Remember: the most effective form of thought control is not to send the stormtroopers directly in. Eventually, even the most troglodytic will resist. Instead, it is more effective and cost-efficient to allow every viewpoint out in the open, but use group consensus to stifle anything deviant as "unserious" or "uncivil." Look how delightedly Marinus revels in ignorance. Educated people would typically claim that it is "ignorant red-staters" who deliberately ignore the facts they don't like. Here, though, Marinus is able to use more sophisticated language to state that he ignores things he doesn't like.
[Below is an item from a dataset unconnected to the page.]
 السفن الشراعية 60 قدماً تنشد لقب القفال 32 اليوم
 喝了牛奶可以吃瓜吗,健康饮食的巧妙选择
Shamelessly and publicly.

The real insanity comes when the individual rationalizes this ignorance in the context of avoiding a discussion about why bombing women and children into rotted bolognese is acceptable. As said before, God bless America.

Rob said...

So I’m reading Penguin Island at the moment. I was delighted by France’s account of the rise of private property:

“Do you see, my son,” he exclaimed, “that madman who with his teeth is biting the nose of the adversary he had overthrown and that other one who is pounding a woman’s head with a huge stone?” “I see them,” said Bulloch. “They are creating law; they are founding property; they are establishing the principles of civilisation, the basis of society, and the foundations of the State.”

And this with God’s sanction, apparently. The book reads like a great parody and satire so far. This part reminds me of Hobbes’ account of property in Leviathan (1651). said...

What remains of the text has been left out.